Je me permets d’envoyer cet e-mail aux adhérents de la SRF, en mon nom propre, suite à ce que j’ai vu et entendu à l’AG de la SRF.
Je suis Emmanuel Gras, j’ai réalisé des courts métrages et un long métrage documentaire, Bovines, et je fais partie du CA de l’ACID qui défend la distribution des films les plus fragiles économiquement en salles.

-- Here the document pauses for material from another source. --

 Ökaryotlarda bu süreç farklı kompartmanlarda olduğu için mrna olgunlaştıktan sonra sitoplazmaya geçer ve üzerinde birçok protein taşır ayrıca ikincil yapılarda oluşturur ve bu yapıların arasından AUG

Comme beaucoup d’autres je pense, je suis arrivé à l’AG dans le doute, sans trop savoir quoi penser de la convention collective. Jusque-là, je n’avais eu que des discussions séparées, soit avec des défenseurs de la convention, soit avec ceux qui y étaient opposés et je pensais à juste titre que j’avais besoin d’entendre les arguments se confronter pour me faire ma propre opinion.
Je ne me suis pas exprimé au cours de l’AG, j’aurais sûrement dû au regard de ce que je ressens aujourd’hui.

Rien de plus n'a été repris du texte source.